Let $D\subseteq\mathbb{R}^2$ be a disk, and $f:D\to\mathbb{R}$ a Riemann integrable function. Let $S\subseteq\mathbb{R}^2$ be a square containing $D$, and extend $f$ by zero to $\hat{f}:S\to\mathbb{R}$. Then $\hat{f}$ is Riemann integrable, and so are $\hat{f}^+$ and $\hat{f}^-$. Note that $\hat{f}^\pm=\widehat{f^\pm}$. Hence, $f^\pm$ are Riemann integrable. Since $f^\pm$ are nonnegative, they are Darboux integrable. Since $f=f^+-f^-$, $f$ is Darboux integrable.

Alternatively, let $p$ be a positive real number such that $f+p\geq0$. Then $f+p$ is nonnegative and Riemann integrable, hence Darboux integrable.

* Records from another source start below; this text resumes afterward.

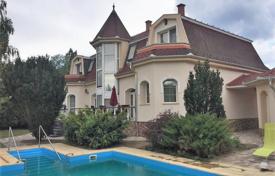 خانه  380 متر مربع Debrecen, مجارستان. 773,000 €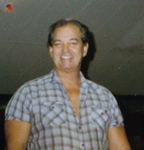 beautiful United States man  from Mims US15759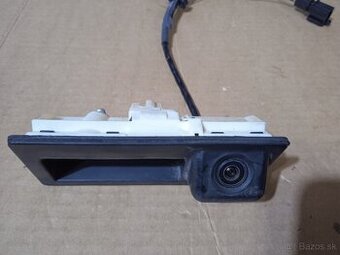 Cuvacia kamera original vw tiguan sharan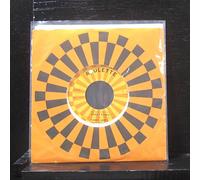 Tommy James And The Shondells - Hanky Panky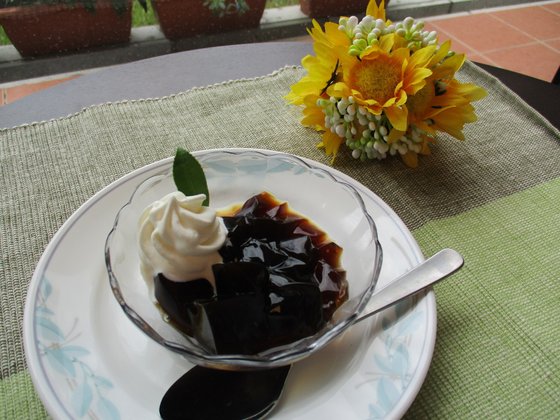 リアンレーヴ東灘住吉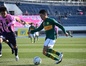 試合シーン109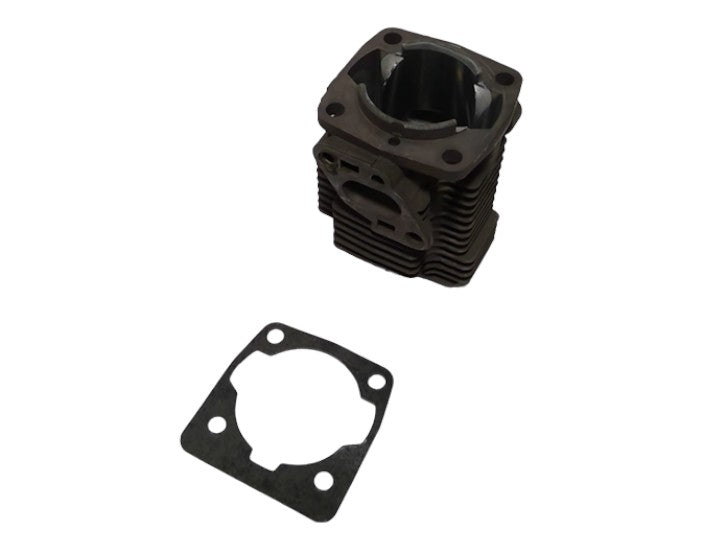 A07889 — ADAPTER KIT — image 4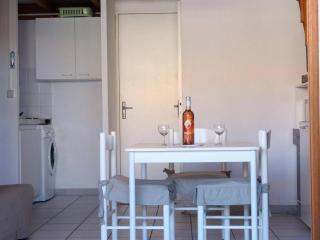 Maison studio avec mezzanine et terrasse - Gruissan - FR-1-229-841 - Gruissan - 7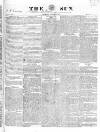Sun (London) Monday 28 April 1823 Page 1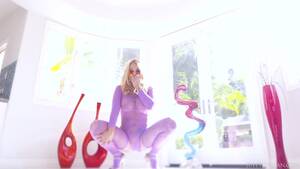 Jesse Jane Sex Machine - Jesse Jane Jesse Sex Machine 2 | Threesome - T94 - XFREEHD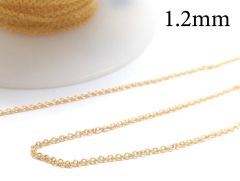 301496-gold-filled-cable-link-chain-unfinished-1.2mm.jpg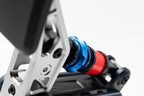 Cube Control SP01 Core Pedaler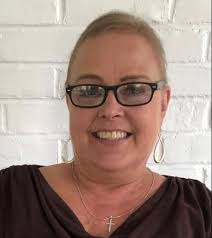 Elizabeth Cozzolino Obituary (1966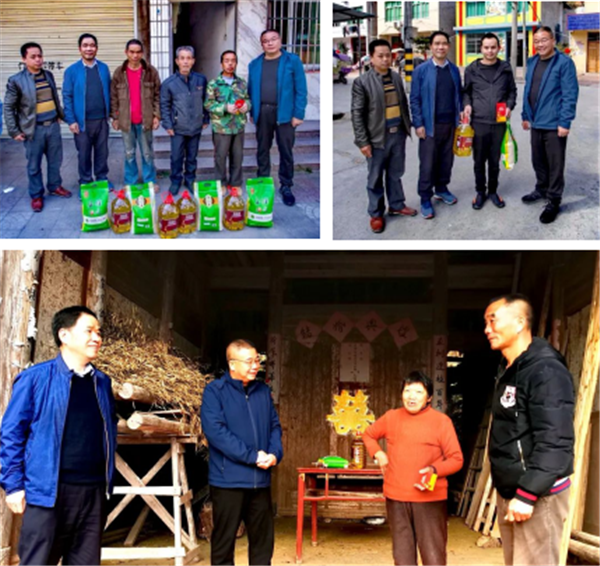 图片 1.png
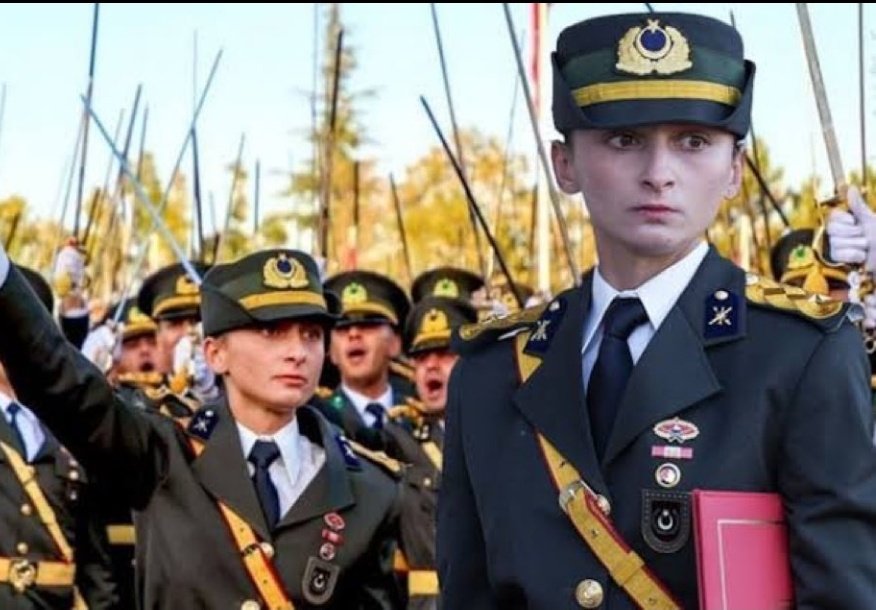 ATATÜRKÇÜ TEĞMEN EBRU EROĞLU İÇİN UMUT TÜKENDİ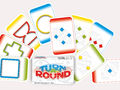 Turn A-Round Bild 2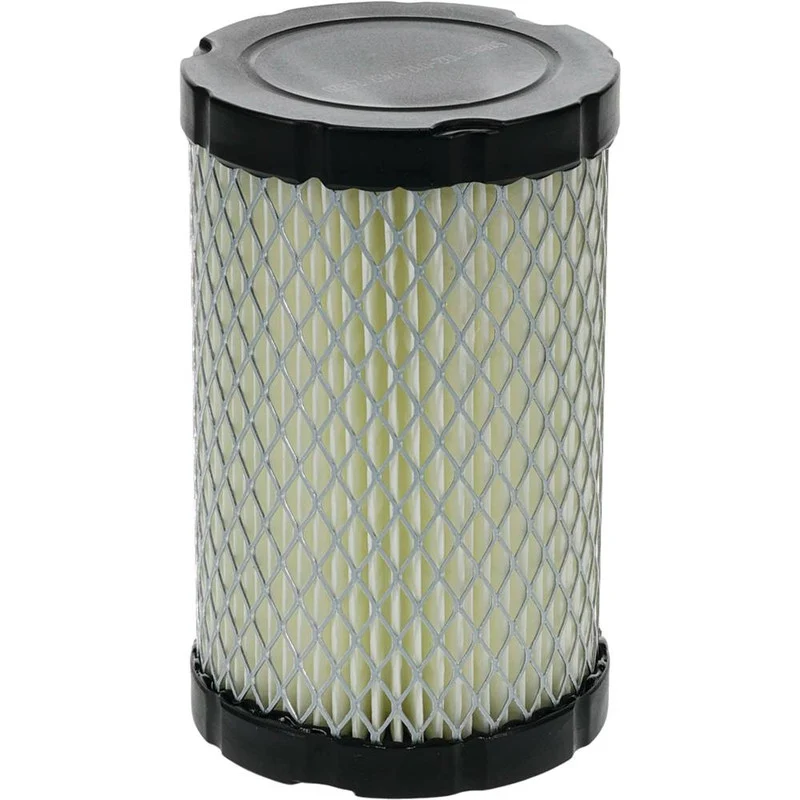 Cabin air Stens 102-012 Air FIlter
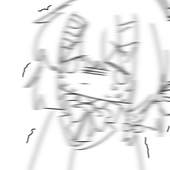 猫月瑠音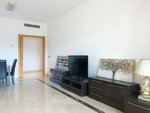 3 bedrooms Apartment in Malaga, Spain No. 79295 - Image 6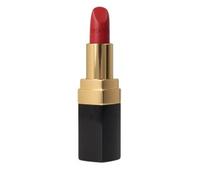 CHANEL ROUGE COCO 120 GABRIELLE 3.5G - Rossetto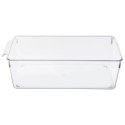 Organizer do Lodówki 32,5 x 15 x 10 cm Tworzywo Przezroczyste ORION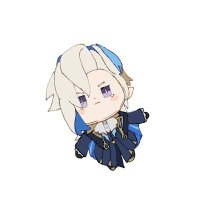 渦 (@uuu_10min) 's Twitter Profile Photo 渦 (@uuu_10min) 's Twitter Profile Photo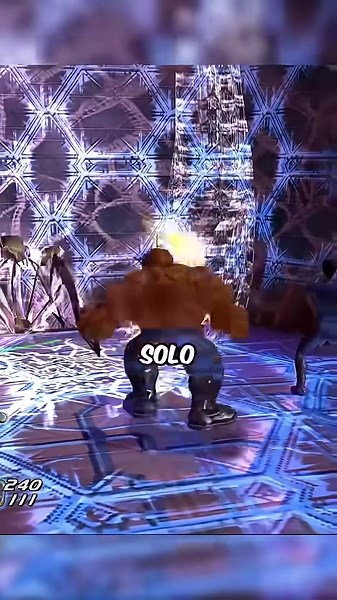 Do you remember the Fantastic Four game inspired by the movie released the same year? #videogames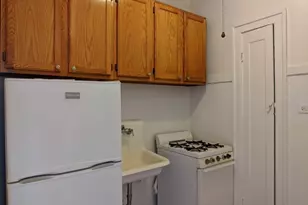 2536 N Sawyer Ave, Chicago, IL 60647 - Photo 5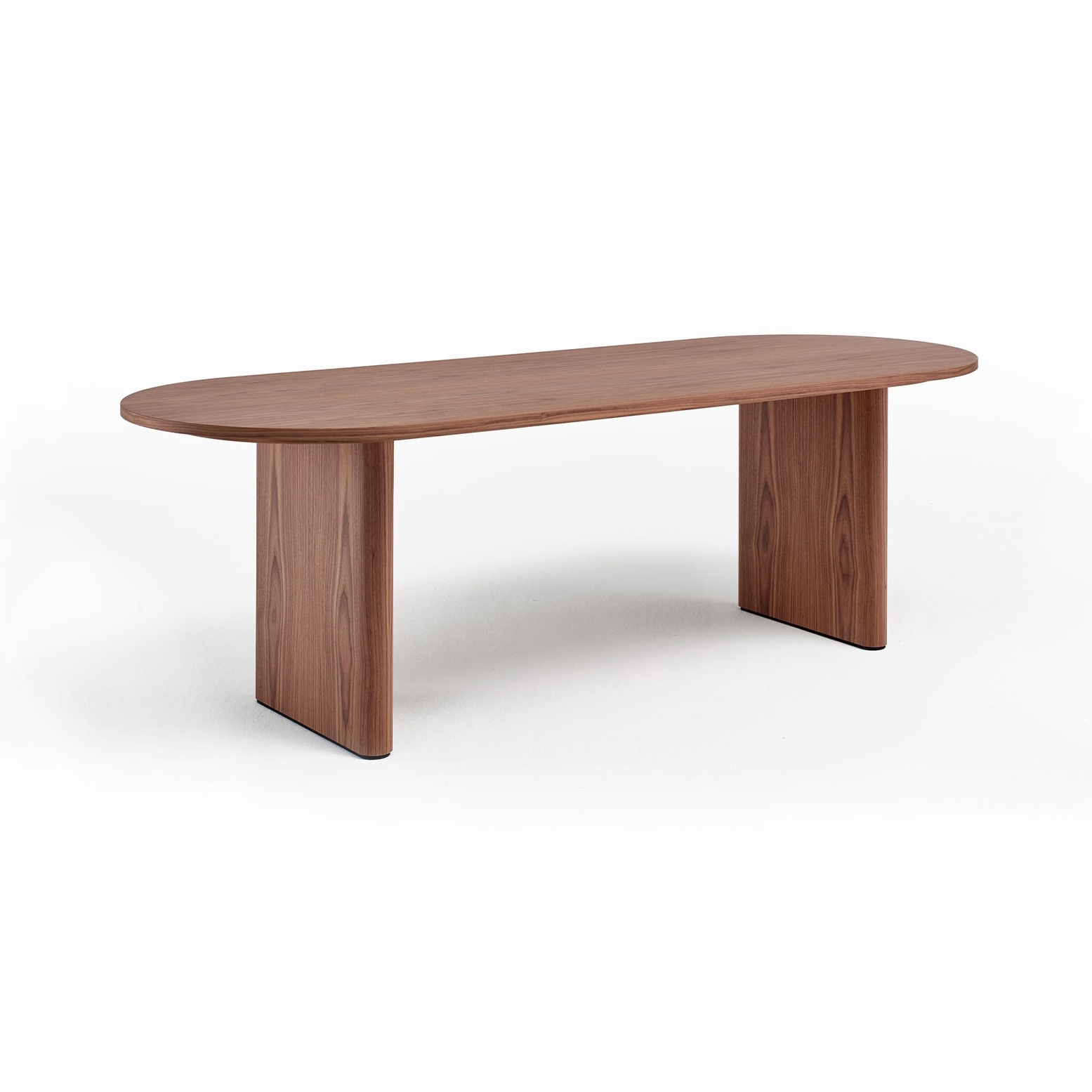 Display product Kami Oval 3 from manufacturer Arco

Since $p$ is Darboux integrable, so is $f=(f+p)-p$.

Answer 2

The Riemann integral of $f$ over an arbitrary bounded region $D \subset \mathbb{R}^2$ is defined as

$$\int_Df = \int_Q\hat{f},$$

$\hat{f}(x) = f(x)$ for $x \in D$ and $\hat{f}(x) = 0$ for $x \notin D$, and $Q$ is any rectangle containing $D$. It is straightforward to show that the choice for $Q$ is arbitrary.

Assume that $\hat{f}$ is Riemann integrable over $Q$. This means there exists a real number $I$ -- the integral-- such that for any $\epsilon > 0$ there exists a partition $P$ with subrectangles $\{R_1, \ldots, R_n\}$ such that

$$\tag{1}- \frac{\epsilon}{2} < S(P,f) - I < \frac{\epsilon}{2}$$

Here $S(P,f) = \sum_{j=1}^n f(t_j) \, vol(R_j)$ is a Riemann sum with any choice of intermediate points $t_j \in R_j$ for $j = 1, \ldots, n$.

Recall that upper and lower Darboux sums are given by

$$U(P,f) = \sum_{j=1}^n M_j\, vol(R_j), \quad M_j := \sup_{x \in R_j}f(x),\\ L(P,f) = \sum_{j=1}^n m_j\, vol(R_j), \quad m_j := \inf_{x \in R_j}f(x)$$

By the properties of supremum and infimum there exists $\xi_j, \eta_j \in R_j$ such that

$$M_j - \frac{\epsilon}{2 \,vol(Q)} < f(\xi_j) \leqslant M_j, \quad m_j \leqslant f(\xi_j) < m_j + \frac{\epsilon}{2 \,vol(Q)}$$

Summing over all subrectangles of the partition we get

$$\tag{2}U(P,f) - \frac{\epsilon}{2} < \sum_{j=1}f(\xi_j) \, vol(R_j), \quad \sum_{j=1}f(\eta_j) \, vol(R_j)< L(P,f) + \frac{\epsilon}{2}$$

The sums in (2) are Riemann sums with intermediate points $\xi_j$ and $\eta_j$, respectively. Applying the inequalities in (1), it follows that $U(P,f) - \frac{\epsilon}{2} < I + \frac{\epsilon}{2}$ and $I - \frac{\epsilon}{2} < L(P,f) - \frac{\epsilon}{2}$.

Hence,

$$I - \epsilon < L(P,f) \leqslant U(P,f) < I + \epsilon$$

There are several ways to proceed in showing that this proves Darboux integrability. One is to note that the upper and lower Darboux integrals are sandwiched between any upper and lower Darboux sums, and, thus,

$$I- \epsilon < \underline{\int_Q} \hat{f} \leqslant \overline{\int_Q} \hat{f} < I + \epsilon$$

Since $\epsilon > 0$ can be chosen arbitrarily close to $0$, Darboux integrability holds with

$$\underline{\int_Q} \hat{f} = \overline{\int_Q} \hat{f}$$